Updated

As President Trump makes his first official trip to East Asia, one crucial development is clear to those who look closely: America and its allies are through being chumps.  This simple change in course—missed by a media and policy elite blinded by its hatred of Trump—will reverse trends that have been running against the free world in Asia.

In South Korea, Trump will give a major speech that is clear about the consequences for North Korea as it threatens our allies and us.  Twenty-five years of failed policy toward Pyongyang through administrations of both parties are over.  The free world is through playing the patsy.

In China, Trump will make it clear in private that we will no longer accept Beijing’s unfulfilled promises about pressuring its client state in North Korea to reform.  He has conveyed as much publicly on Twitter.  We will judge Beijing by its actions—especially whether it really curbs its still-massive trade relationship with Pyongyang.  In public, the atmospherics will be more cordial, with Commerce Secretary Wilbur Ross along to ink business deals.

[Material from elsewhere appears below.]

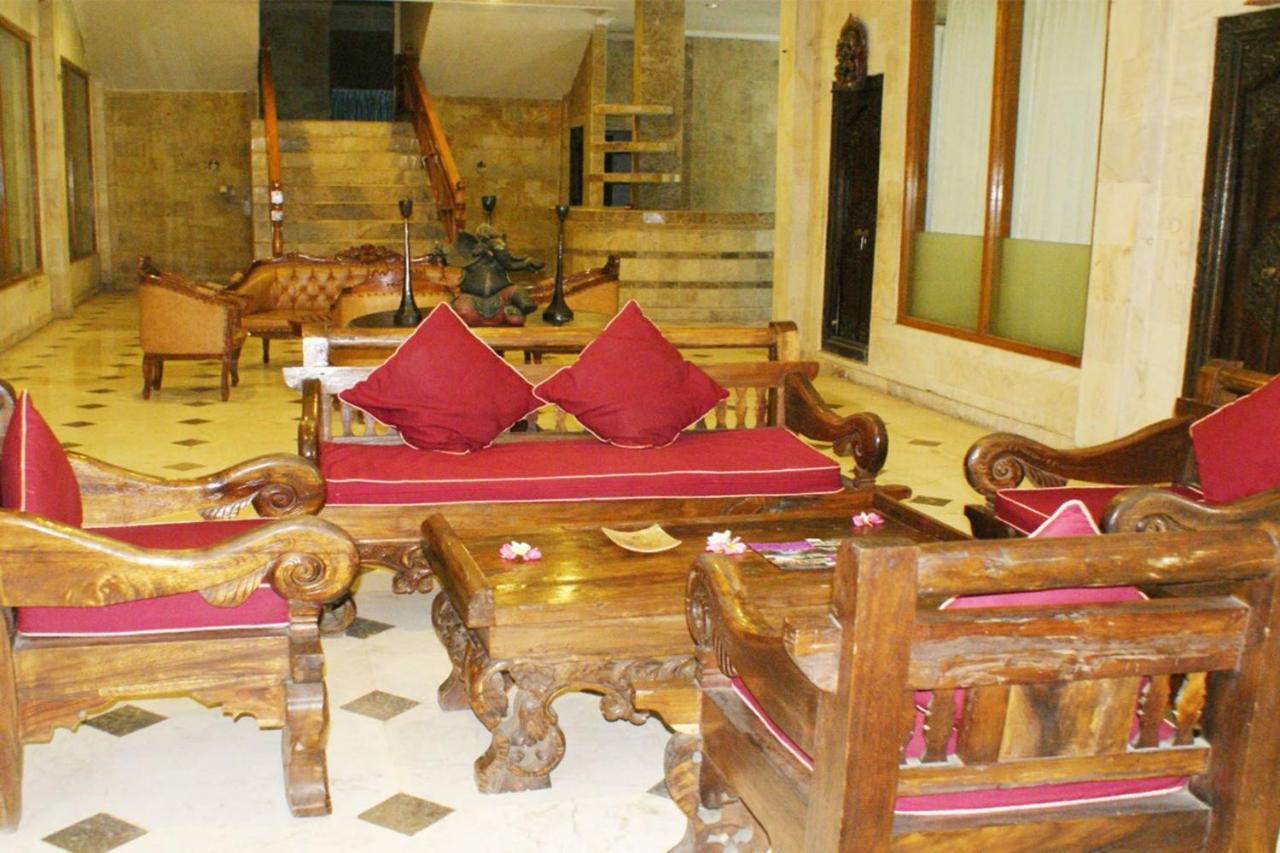 Oyo 2334 Melka Excelsior Hotel Singaraja Dış mekan fotoğraf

In Vietnam at a multinational economic conference, Trump will be a voice for fair trade that doesn’t disadvantage America.  No longer will Washington cut deals that export U.S. manufacturing jobs to poor countries and enable China’s systematic theft of U.S. intellectual property. 

Not coincidentally, three aircraft carriers, each a symbol of American military might, are present in the Pacific for the first time since 2007 during Trump’s trip.

In the Philippines, Trump will pursue common interests in containing China and thwarting resurgent Islamists across maritime Southeast Asia.  Other members of the U.S. delegation will privately convey concerns about human rights while Trump builds a relationship with Rodrigo Duterte, the eccentric president with an anti-U.S. but pragmatic background.

In Japan, where Trump is concluding his first of five stops in Asia, one of the by-products of his first year as president is increasingly apparent.  A recently reelected Shinzo Abe—Japan’s most powerful prime minister in decades—continues to normalize Tokyo’s political and defense postures so they resemble those of other key allies.  Japan already pays $1.6 billion annually to defray the costs of U.S. forces stationed here, and Abe wants to buy offensive missiles and missile-defense systems from America—something to which Trump will likely agree.  Trump will also encourage Abe’s effort to make Japan’s pacifist postwar constitution more flexible to defend against China and North Korea.  

The Japanese prime minister has communicated the clearest description of the new allied approach to North Korea: that Pyongyang must be pressured to come to the negotiating table as a supplicant who has all but cried uncle.  Barring that, the allies will not attempt, yet again, to buy off North Korea from a position of weakness or desperation.  This new approach is the strongest allied policy in Asia since the Cold War.

Abe deserves credit for his leadership, but change to this degree would not have been possible without strong backing from the American president.  Nor would the leftwing government in South Korea have been deterred from its natural inclination to appease North Korea and negotiate at any price were it not for the strong, plain-spoken man occupying the Oval Office.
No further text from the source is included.